SGI declined to say how many of its Fahrenheit engineers were included in the layoffs, which number between 1,000 and 1,500 out of 9,000 employees. The company transferred about 30 engineers to Nvidia, with which it formed an alliance, to work on a graphics chip.

A spokesman denied that SGI was withdrawing its support for Fahrenheit. He speculated that some observers may have confused its withdrawal from one chip design project, which it transferred to Nvidia under an alliance between the two firms, with its commitment to graphics technology in general. That commitment remains strong, he said.

"We are not getting out the graphics business," said the spokesman, who asked not to be identified. "We remain very dedicated to it. It's part of our heritage."

Microsoft also reiterated its commitment to Fahrenheit following a June 30 statement by Microsoft chairman Bill Gates that Fahrenheit work is moving ahead and that "a year from now, we should see those results."

But it is unclear how much of a cooperative effort the project remains.

"We're going to continue to move forward to continue to work to enhance our graphics technology to bring those benefits to our customers," said Microsoft's Sanford when asked to characterize the collaboration with SGI. "We are committed to moving forward with our software efforts."

Talisman
Talisman was the code name for a graphics chip architecture that Microsoft introduced in 1996 that was supposed to have offered 2D and 3D graphics, Windows acceleration, full-resolution MPEG-2 playback, videoconferencing, sound, and modem capabilities on a chip costing less than $300.

As with Chromeffects, Talisman never received an official burial but was salvaged for parts. Some of its technologies were incorporated in DirectX APIs, and others into various chips, according to Microsoft.

Talisman died because the market shifted underneath it, according to analysts and people involved with the project. Microsoft proposed it to overcome bandwidth limitations and the need for memory in graphics display chips. But in the time it took Microsoft to develop the technology, memory prices evaporated, bandwidth increased, and chips improved independent of Talisman.

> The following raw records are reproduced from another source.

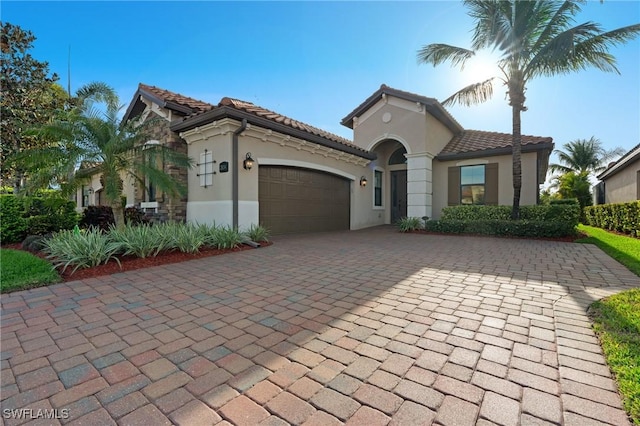 mediterranean / spanish-style house featuring an attached garage, a tile roof, decorative driveway, and stucco siding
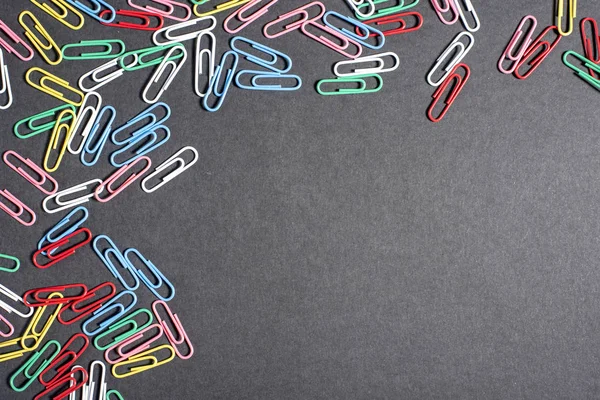 Multi-colored beautiful stationery paper clips on black surface on the top right corner — Stock Photo, Image
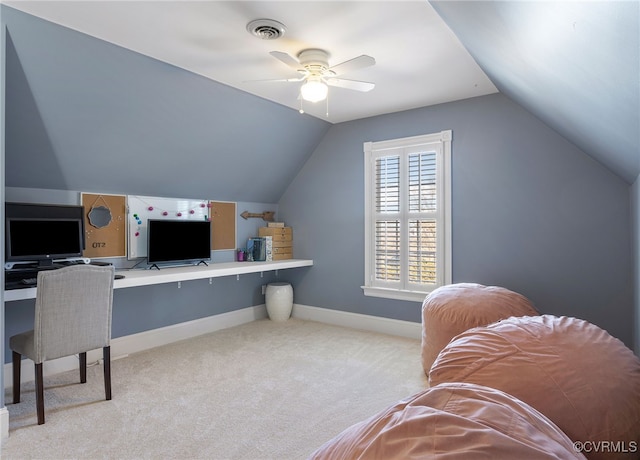 carpeted home office with ceiling fan and lofted ceiling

"The problems it was meant so solve went away," said Jon Peddie of research firm Jon Peddie and Associates. "Also, the Talisman solution was itself intrinsically expensive, so it became more expensive than it was worth."

Microsoft does not deny that the graphics market has moved in unexpected directions. And the practice of delivering technologies in bits and pieces reflects the realities and opportunities inherent in the software business, Sanford said.

"In the software industry, plans change," Sanford said. "The market evolves very rapidly, and what I think may be the best way to deliver technology today may not be the best way in three days. One of the really neat things about the software industry is your ability to adapt to the changing conditions. You can take market feedback and deliver what best serves your partners and customers."

Ultimately it may wind up being a matter of interpretation whether Microsoft is killing its graphics projects, putting them on the back burner, or simply devising alternate means of delivery.

"The Talisman project faded away," said one person who was close to the project. "It was a crazy idea, and the partners bailed out. When Microsoft kills something, it never says, 'We're dumping the project.' It just fades away."